Example. The following figure illustrates the new
protocol:
Here, we have drawn the binary log of each server for clarity.
The specific SQL used in each transaction is not
important to the example; we therefore simplify a little and
write trx1, trx2, etc as abbreviations for the actual binary log
events (BEGIN, event1, event2, …, COMMIT). Moreover, the
exact UUID and sequence number that constitute
the GTID are not important either, so we abbreviate
the GTIDs as id1, id2, etc.
In our example, C will send “id1...id2” to B, and B will then
send id3, trx3 to C (and continue sending as more transactions
are committed on B).
SQL. The SQL command that tells the server to use the
new protocol is:
CHANGE MASTER TO MASTER_AUTO_POSITION = 1; Note that the DBA does
not have to specify GTIDs at all. The slave automatically sends
exactly the set of GTIDs that has been executed.

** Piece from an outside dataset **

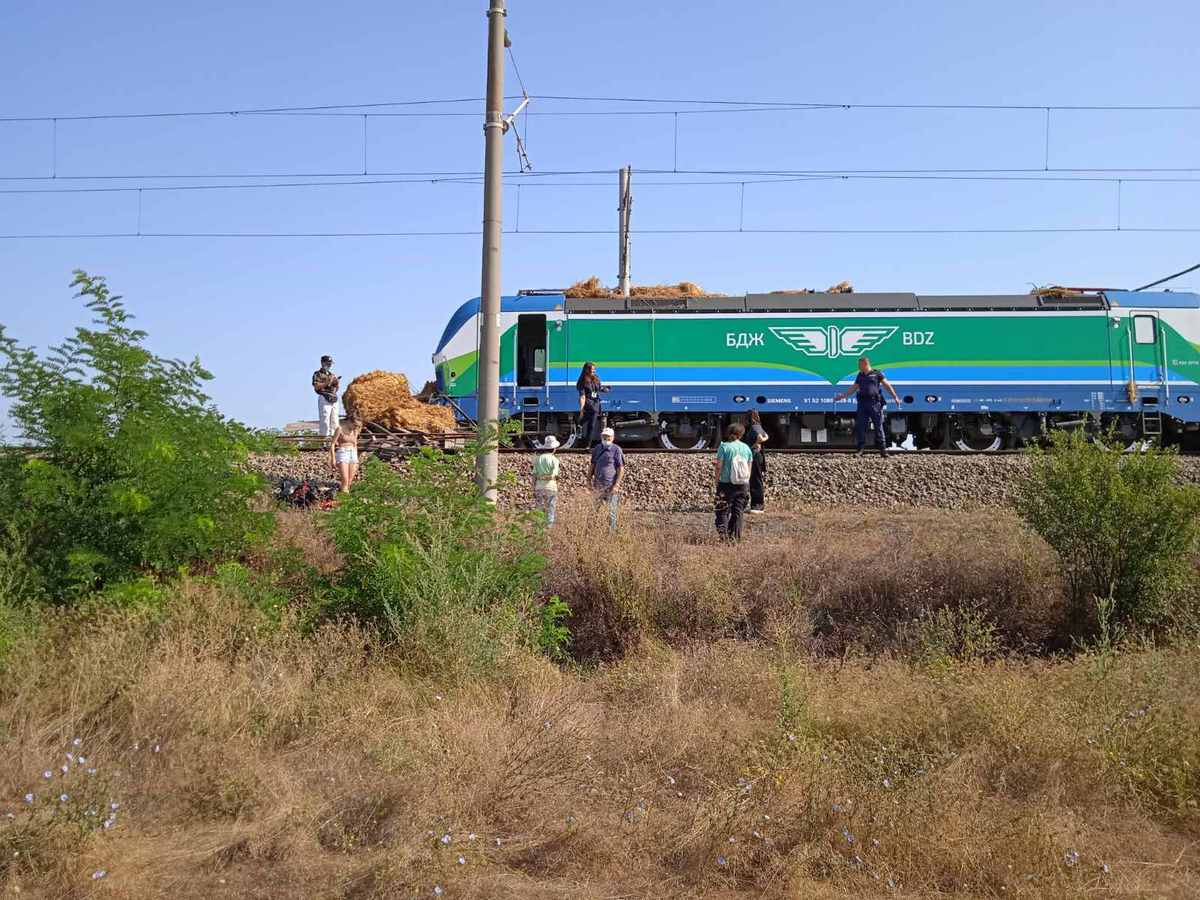 Влакът Бургас-София, пълен с пътници, блъсна камион край Карнобат СНИМКИ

When you specify MASTER_AUTO_POSITION = 1, you cannot specify
MASTER_LOG_FILE or MASTER_LOG_POS.
Failover Finally, we are ready to see how GTIDs are used in
failover.
Tree topology. Again consider our first
example. We repeat the figure, drawing the binary logs as in the
last example:
In the figure, we have assumed that A has
executed three transactions, B has reapplied all of them, and C
is still missing the last one. A has crashed. We decide to make B
the new master, and C a slave of B.
Using the new protocol, C will send “id1” to B, and then B will
send id2, trx2 (and continue sending as more transactions are
committed on B).
Circle topology. Let us see one more example:
a case of circular replication, as in the following
picture.
Here, server B first executed transaction
trx1, then A executed trx2, and trx2 got replicated to B.
Finally, B executed trx3. Since replication is asynchronous, it
is perfectly normal that C has not yet replicated anything. If we
waited long enough, C would catch up and then A would too.

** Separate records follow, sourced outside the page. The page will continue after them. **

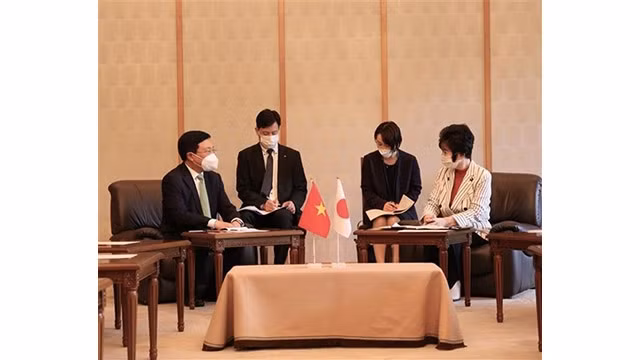 Le Vice-Premier ministre permanent vietnamien, Pham Binh Minh, et la présidente de la Chambre des conseillers Santo Akiko. Photo : VNA.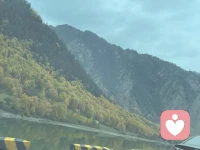 愛和關(guān)心，有很多種表達(dá)方式，語言是一種，行動也是一種～

這周，媽媽正好要去醫(yī)院看外婆，在問我路線，媽媽擔(dān)心自己找不到路

爸爸最近正好在，他就說：“我明天去送你”

多么簡單的一句話，媽媽在路上就少了找路的壓力

我當(dāng)下感受到滿滿的幸?！?
上一代人很難直接用語言表達(dá)愛，他們都在用不同的方式表達(dá)自己對對方的關(guān)心和愛

媽媽每天做好自己擅長的食物，爸爸用自己的關(guān)心表達(dá)對媽媽的愛～

感恩降臨在這樣一個有愛的原生家庭，讓我在前進(jìn)的路上，不會去到處尋找愛

因?yàn)?，我?nèi)心本來就有很多的愛～配圖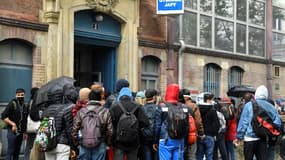 Des migrants sans-abris occupent le 6 mai 2021 un gymnase à Paris 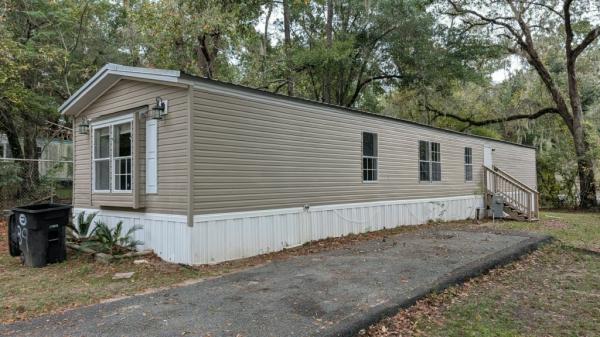 2004 Clayton Homes Inc Mobile Home For Sale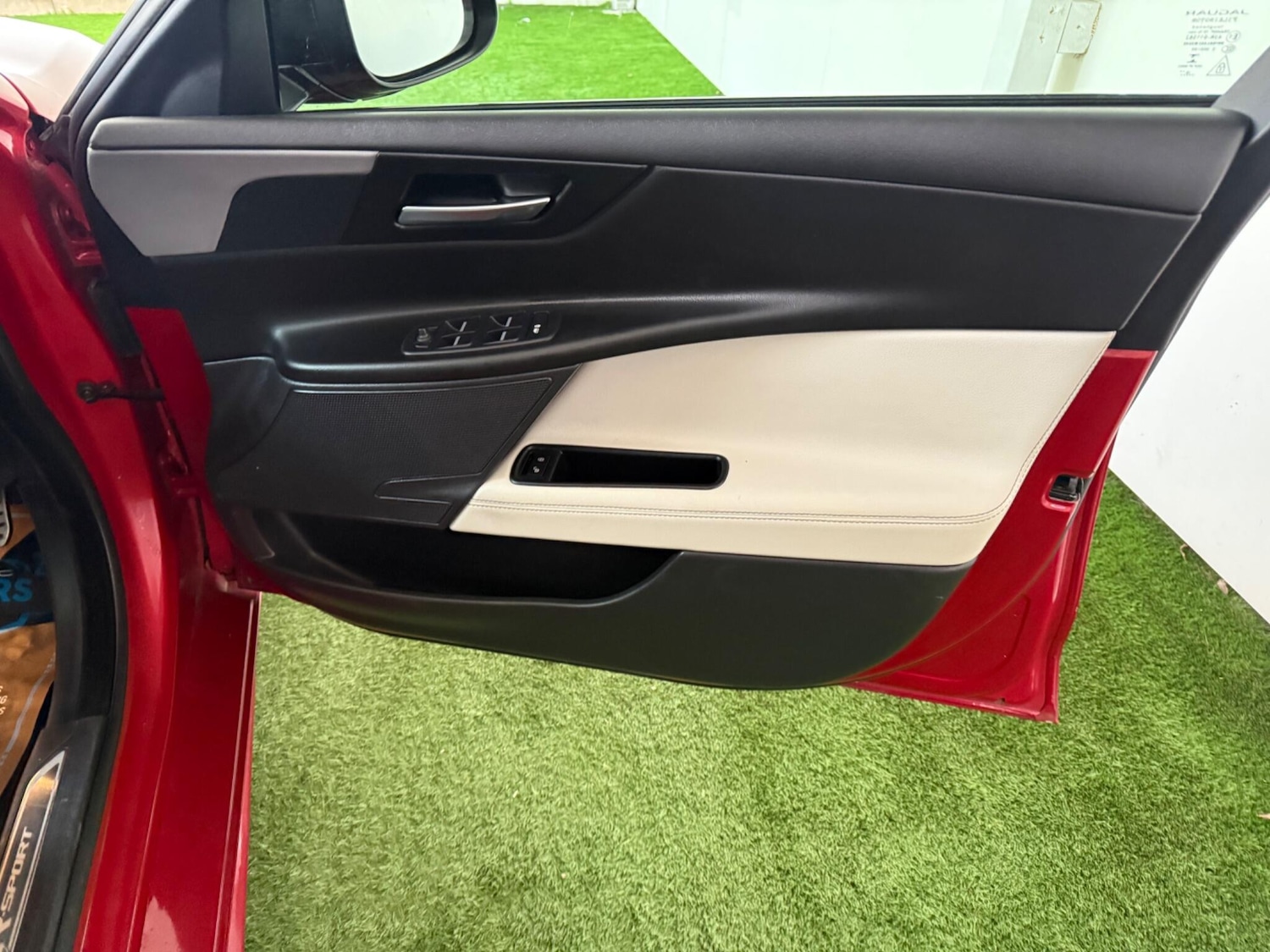 Used Jaguar XE 2016 for sale - 76688885: Photo 17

Now suppose C crashes at this point. The circle is broken and we
want to heal it by making A a direct slave of B. Using the new
protocol, A will send the identifier of its only transaction,
id2, to B. Then B will send id1, trx1, id3, trx3 to A (and when
more transactions are committed on B, B will send those
too).
Of course, it is expected that the
transactions are applied in different order on A and B at this
point; they would be in the exact same order if C had not
crashed. Again, it is the application's responsibility to ensure
that transactions sent to different servers don't conflict.
Summary To make seamless failover possible, we introduced Global
Transaction Identifiers in MySQL 5.6. GTIDs are generated when a
transaction is committed for the first time and preserved when
the transaction is replicated to other servers. The new
replication protocol makes failover nearly automatic: the DBA
does not have to know about GTIDs at all; all you have to do is
tell the slave what server is the new master. Basic monitoring is
done using @@GLOBAL.GTID_EXECUTED.
The views expressed on this blog are my own and do not
necessarily reflect the views of Oracle.